CURWOOD: It’s Living on Earth. I’m Steve Curwood.

[MUSIC ON THE VICTROLA: King Oliver and his Creole Jazz band/Louis Armstrong, “Alligator Hop,” on King Oliver’s Creole Jazz Band: Alligator Hop, composed by King Oliver, Gennett Records]

CURWOOD: We’ve come to the 200-year old home of celebrity chef Barton Seaver. It’s just up the hill from a Maine coast harbor, and just inside the door there is an old-time Victrola that Barton has cranked up to give us a bit of King Oliver and his Creole jazz band.

[MUSIC]

And, while his kitchen fits nicely into the antique décor, it is strictly modern for Barton when it comes to the cooking.
[SOUNDS OF UNWRAPPING OYSTERS]

SEAVER: So, you were asking earlier about how, how to open an oyster. Well, that's how it is one of the only foods we eat that comes inside of a rock, and the way to open it is to take the rock in one hand, take a sharp object - basically the shank - in another hand point the shank directly at your other hand and then pry with strength. There's a reason why people are pretty intimidated by this.

[LAUGHS]


Catch sizes have shrunk dramatically over the years. (Photo: Courtesy of Monroe County Public Library)

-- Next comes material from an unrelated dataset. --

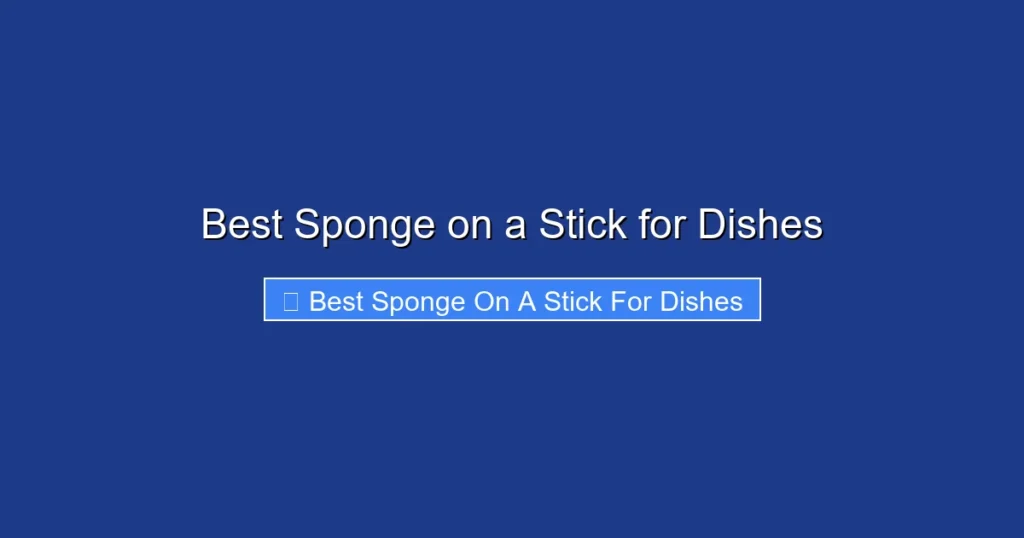 Best Sponge on a Stick for Dishes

So, we've picked up the two different providences of oysters here. So, this is the Nonesuch oysters of my friend Abigail Carrol. She grows these smaller oysters, beautiful shell hinge on them, and these are wild oysters from Damariscotta, powerful tidal river up the coast. You can see, they're just a little bit more unruly in their shape and form and size, and, well, they are a little bit dirtier. It doesn't make them any less, any less delicious, in fact, they both will give off their own charm and unique qualities, and that's the whole point of an oyster.

CURWOOD: What's the secret here, Barton? You got right into that oyster, no problem.

SEAVER: Well, the two shells are held together by the adductor muscle right, in the center. When you look at an oyster, you think it's the round little disc in the middle. That's actually the same muscle that you...That's what we would call a scallop in the scallop animal. In that animal, though, we only eat that muscle. That muscle holds the two shells together. The top shell is flat. The bottom shell, cupped, holds the body of the oyster. You go in through the very back, where the shells meet in the hinge, and once you get the knife between the shells, use a twisting leverage to separate them just enough so that you can get the flat angle of the knife to then slide along the underside of the top shelf and thus slice the adductor muscle free. At that point the oyster is connected to the bottom shell by that same muscle, you scoop out from below, and you have an oyster sitting there jiggling with all of that fresh, beautiful brine and liquor.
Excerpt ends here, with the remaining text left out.